> [WHAT THE TASK REQUIRES] Reproduce exactly the lines below, from the first one through the line containing "2014款 3.0L 自动 四驱行政版 7座", and omit any pictures.

> [DATA FOR REVIEW]

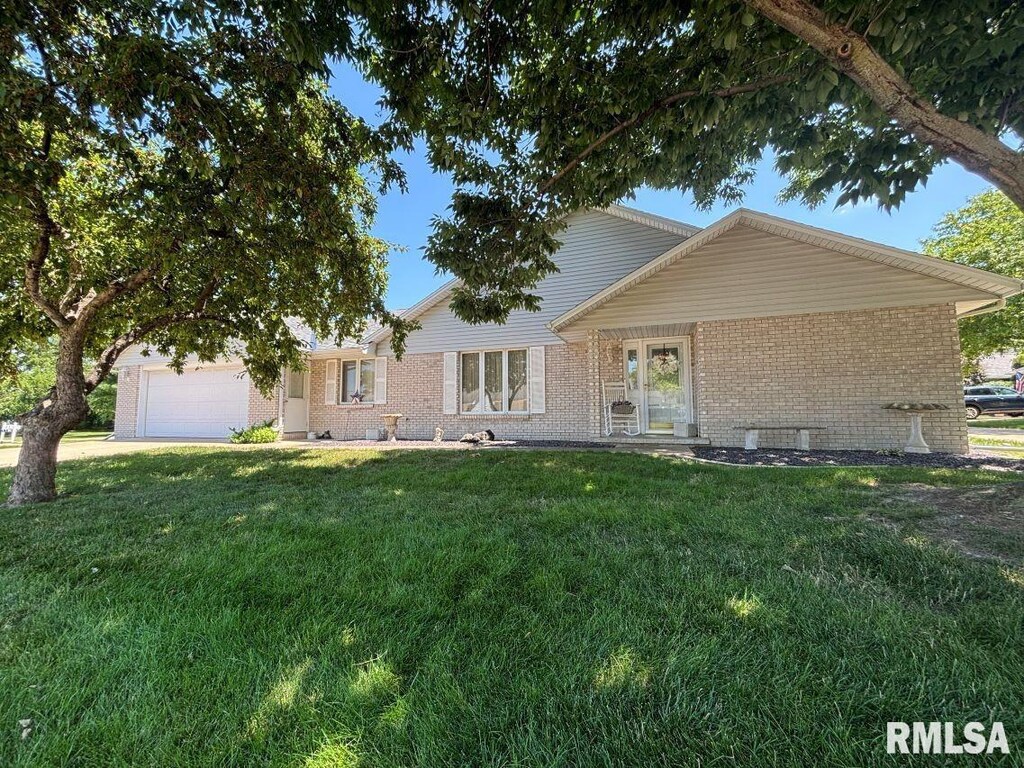 3006 Bluff Ridge Dr, Quincy, IL 62305 - photo 1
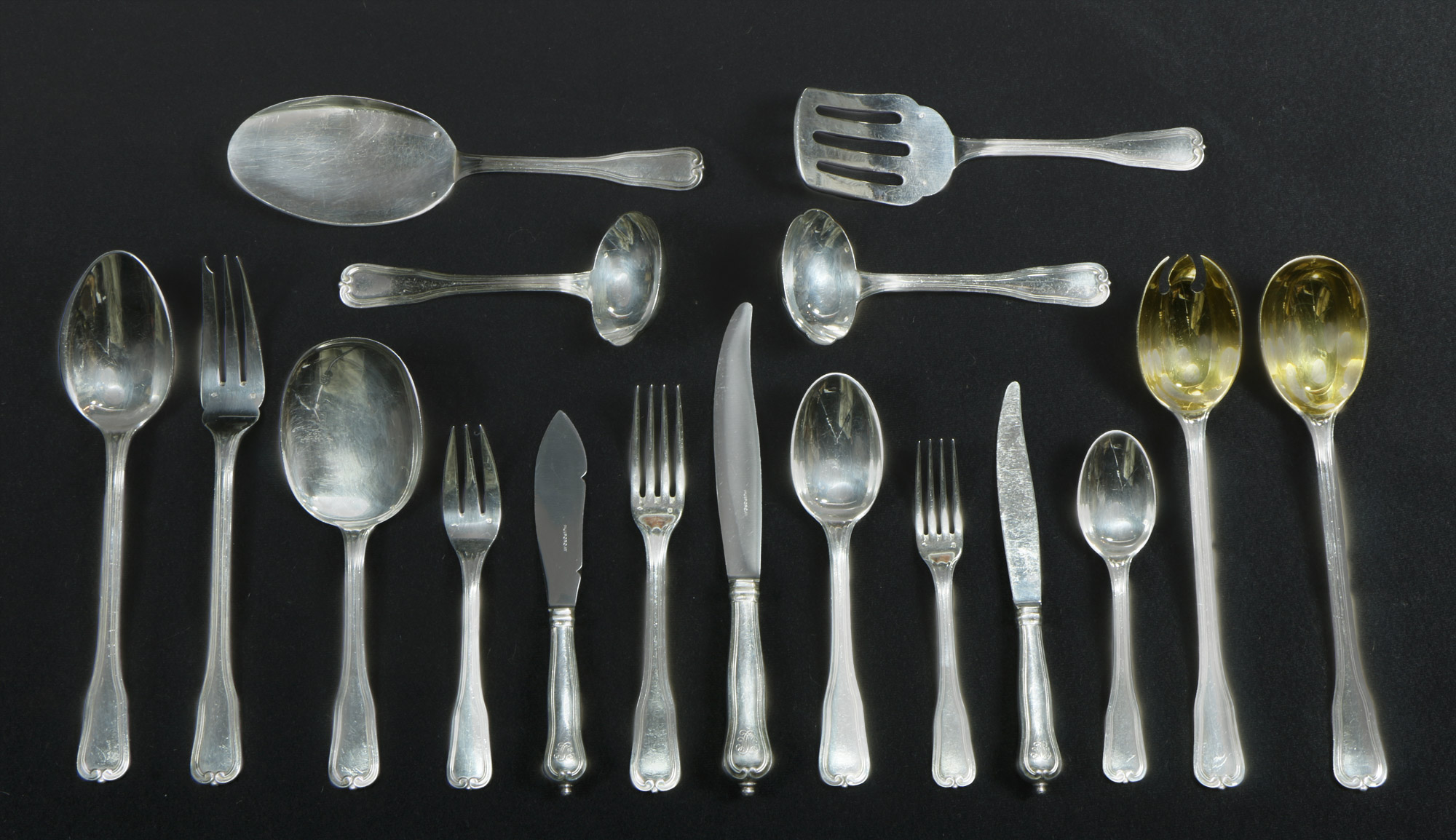  JUEGO DE CUBIERTOS DE PLATA FRANCESA PUIFORCAT. 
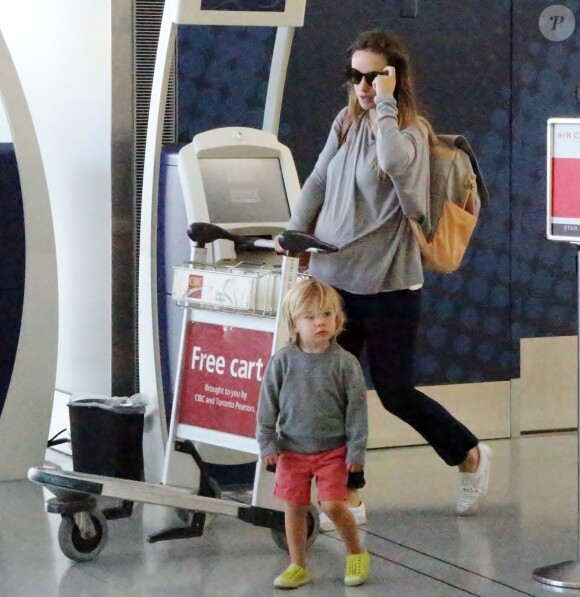 Olivia Wilde enceinte et son fils Otis Sudeikis à l'aéroport de Pearson International à Toronto, le 13 septembre 2016
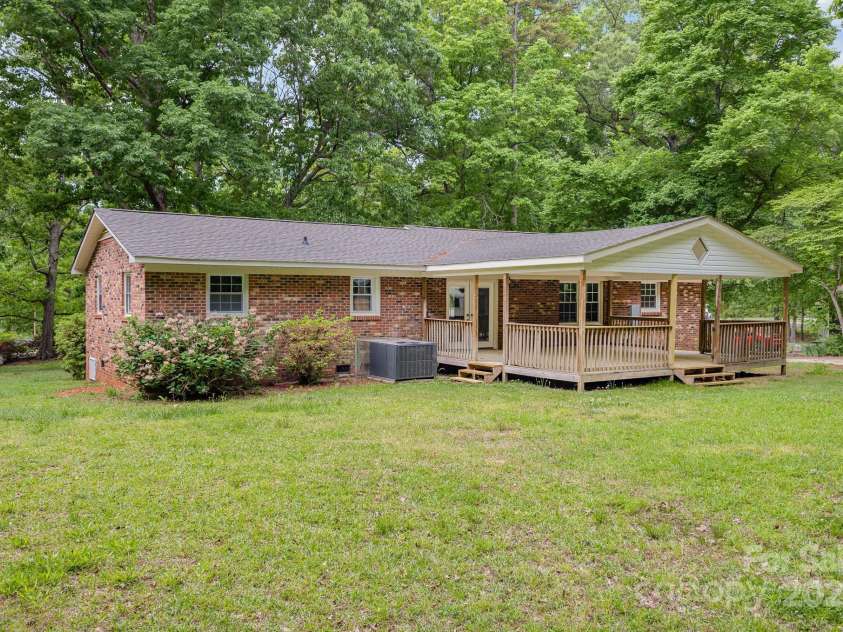 1874 Sunny Lane, Lancaster, SC 29720.  MLS# CAR4252317, YatesRealty ID 12933. 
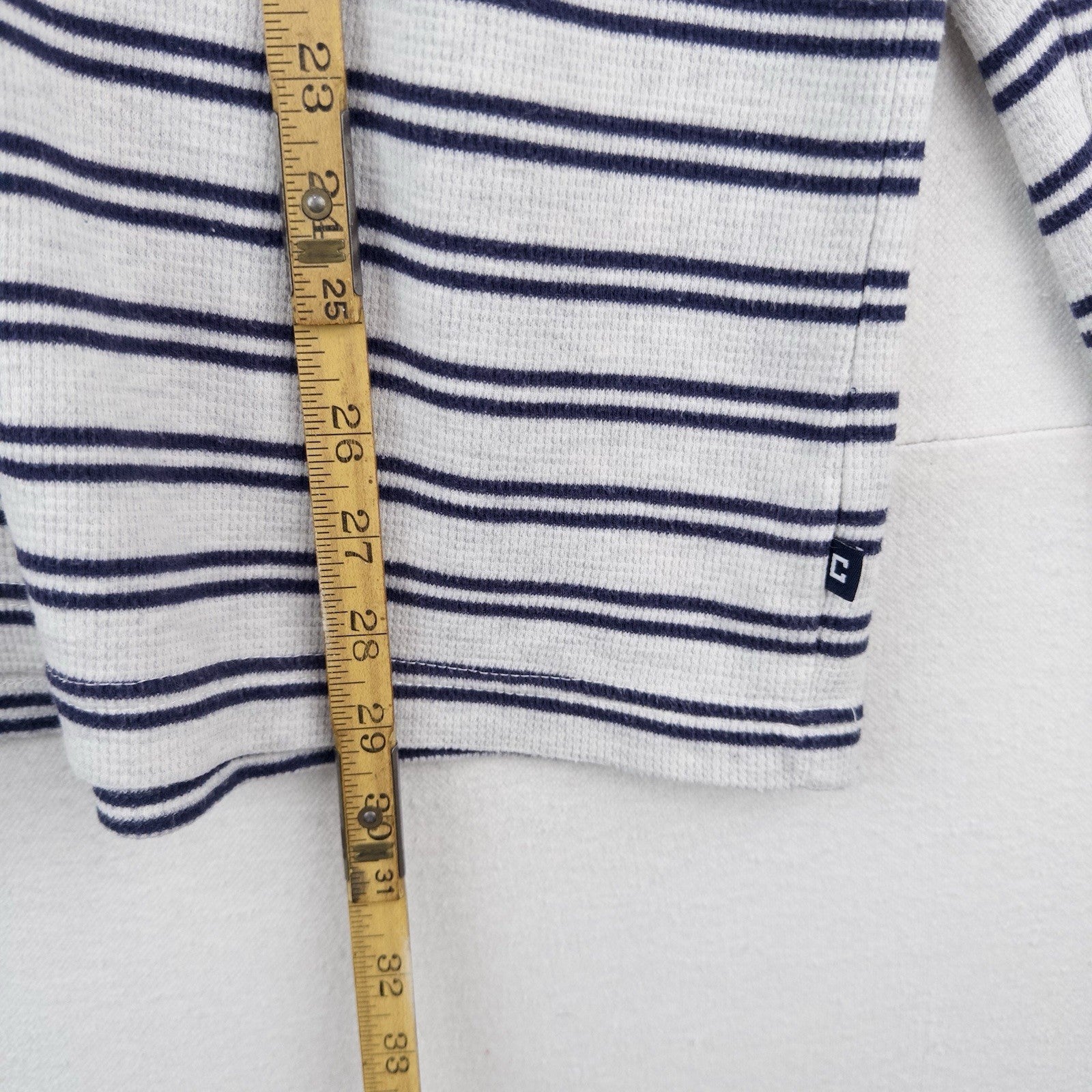 Chaps Ralph Lauren Men’s XL Gray Blue Stripe Henley Shirt Long Sleeve *Pinhole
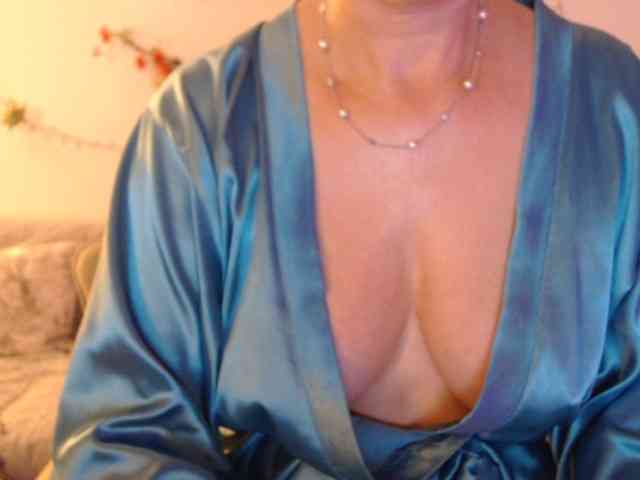 goodSnowQueen webcam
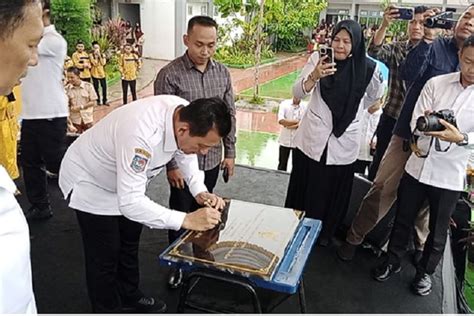 Resmikan Bangunan Dak Sman Batam Gubernur Kepri Janjikan Kenaikan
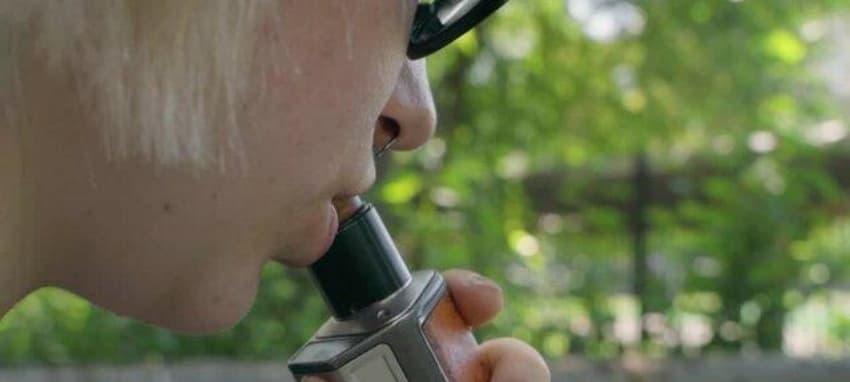 How to Compare nhà cái uy tin and clearomizer tank Options for Secure Betting and Smooth Vaping
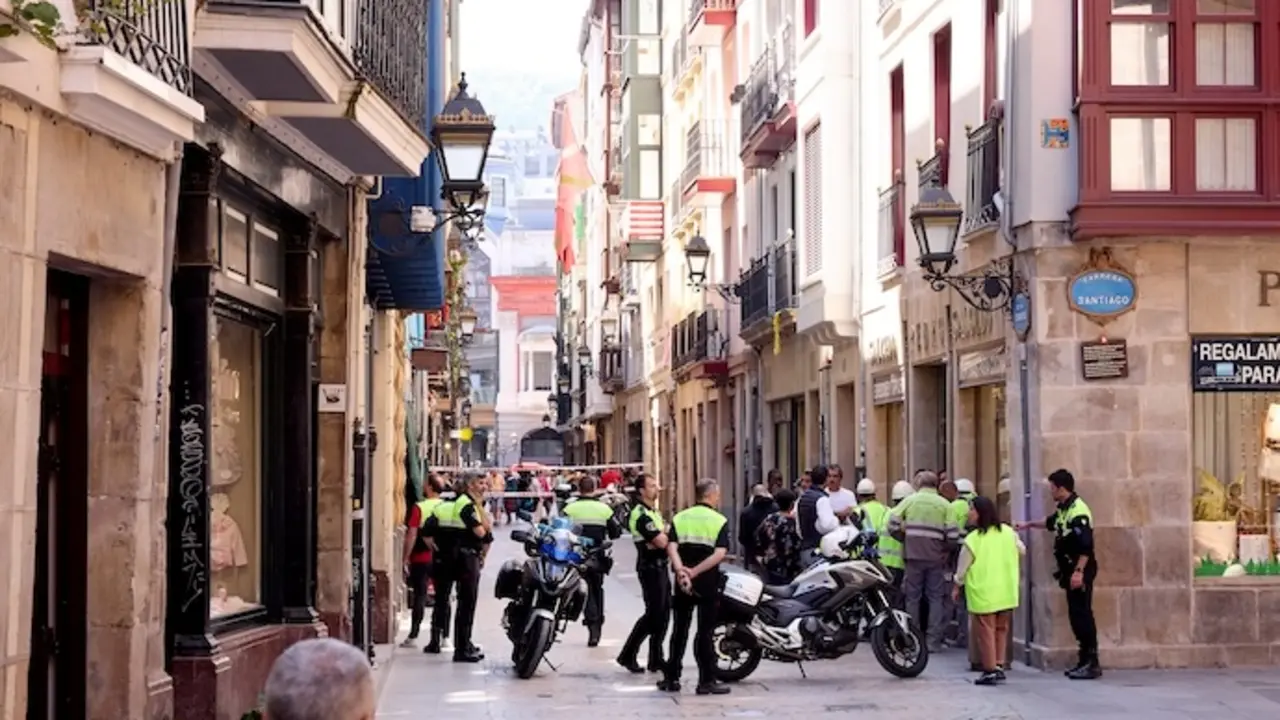 Agentes de polic&iacute;a municipal 'Udaltzaingoa' en las inmediaciones donde ha tenido lugar el derrumbe del inmueble en la calle Tender&iacute;a del Casco Viejo de Bilbao, a 9 de mayo de 2024, en Bilbao, Vizcaya, Pa&iacute;s Vasco (Espa&ntilde;a). El accidente se ha registrado a las 10.30 horas de la ma&ntilde;ana, hora a la que los bomberos han recibido un aviso por derrumbe en un edificio de cinco alturas en el n&uacute;mero 24 de la calle Tender&iacute;a. Se trata de un inmueble de cinco alturas en el que se est&aacute;n efectuando obras de rehabilitaci&oacute;n y, al parecer, en un momento dado, los trabajos han podido afectar a la estructura, lo que habr&iacute;a ocasionado el desplome de la cubierta del edificio sobre los operarios. Los cinco operarios heridos se encuentran ya fuera del inmueble. Tres de ellos han sido trasladados a centros sanitarios, mientras que los otros dos han sido atendidos en el lugar. leer menos

Firma: Ion Alcoba / Europa Press
Personajes:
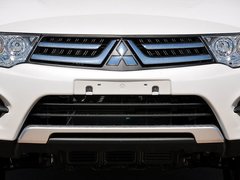2014款 3.0L 自动 四驱行政版 7座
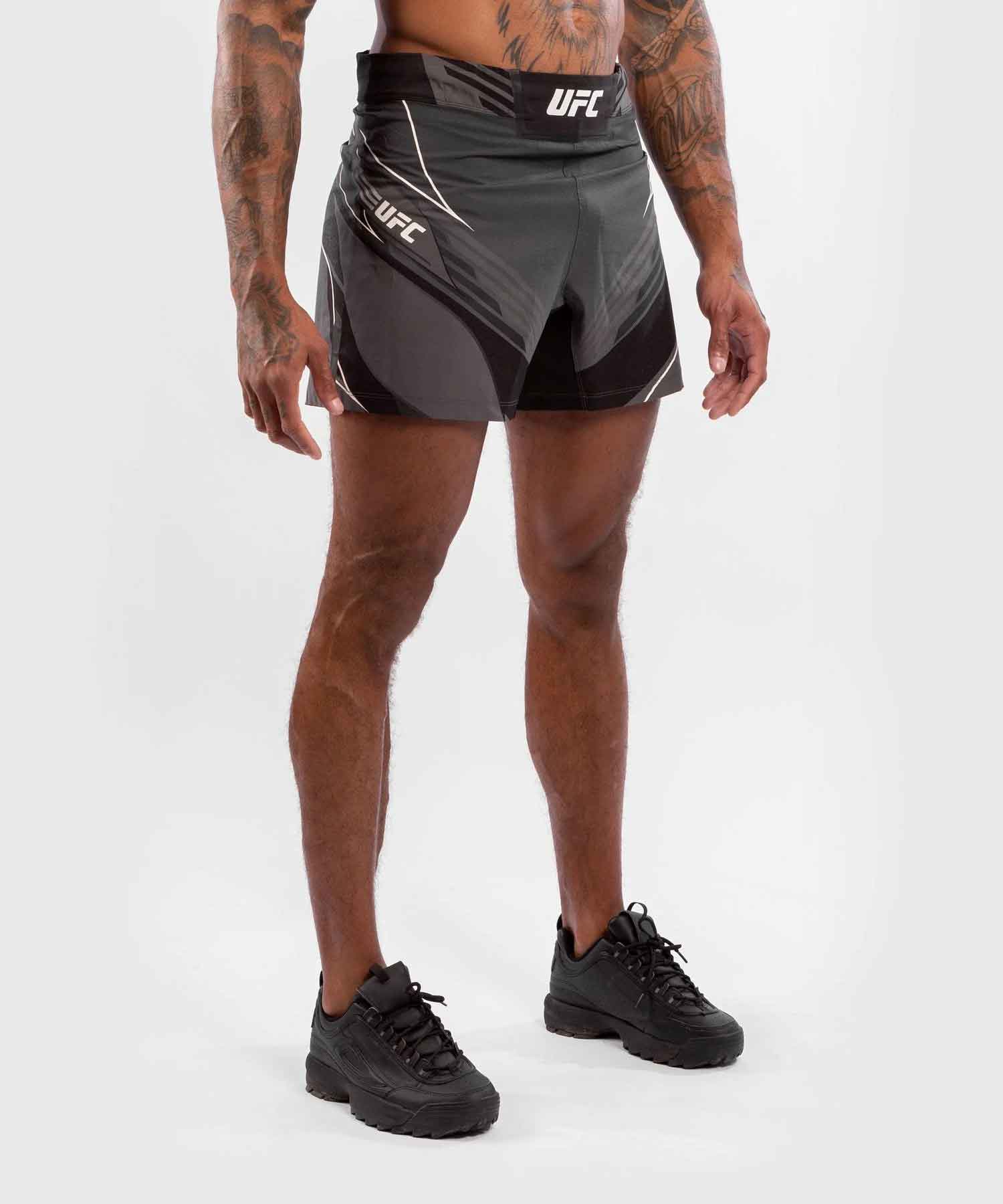 VENUM／ヴェナム　ファイトショーツ　　UFC VENUM AUTHENTIC FIGHT NIGHT MEN'S SHORTS SHORT FIT／UFC VENUM オーセンティック ファイトナイト メンズ ショーツ ショート フィット（ダークグレー／黒）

> [SOLUTION FOR THIS EXERCISE]
 3006 Bluff Ridge Dr, Quincy, IL 62305 - photo 1
  JUEGO DE CUBIERTOS DE PLATA FRANCESA PUIFORCAT. 
 Olivia Wilde enceinte et son fils Otis Sudeikis à l'aéroport de Pearson International à Toronto, le 13 septembre 2016
 1874 Sunny Lane, Lancaster, SC 29720.  MLS# CAR4252317, YatesRealty ID 12933. 
 Chaps Ralph Lauren Men’s XL Gray Blue Stripe Henley Shirt Long Sleeve *Pinhole
 goodSnowQueen webcam
 Resmikan Bangunan Dak Sman Batam Gubernur Kepri Janjikan Kenaikan
 How to Compare nhà cái uy tin and clearomizer tank Options for Secure Betting and Smooth Vaping
 Agentes de polic&iacute;a municipal 'Udaltzaingoa' en las inmediaciones donde ha tenido lugar el derrumbe del inmueble en la calle Tender&iacute;a del Casco Viejo de Bilbao, a 9 de mayo de 2024, en Bilbao, Vizcaya, Pa&iacute;s Vasco (Espa&ntilde;a). El accidente se ha registrado a las 10.30 horas de la ma&ntilde;ana, hora a la que los bomberos han recibido un aviso por derrumbe en un edificio de cinco alturas en el n&uacute;mero 24 de la calle Tender&iacute;a. Se trata de un inmueble de cinco alturas en el que se est&aacute;n efectuando obras de rehabilitaci&oacute;n y, al parecer, en un momento dado, los trabajos han podido afectar a la estructura, lo que habr&iacute;a ocasionado el desplome de la cubierta del edificio sobre los operarios. Los cinco operarios heridos se encuentran ya fuera del inmueble. Tres de ellos han sido trasladados a centros sanitarios, mientras que los otros dos han sido atendidos en el lugar. leer menos

Firma: Ion Alcoba / Europa Press
Personajes:
2014款 3.0L 自动 四驱行政版 7座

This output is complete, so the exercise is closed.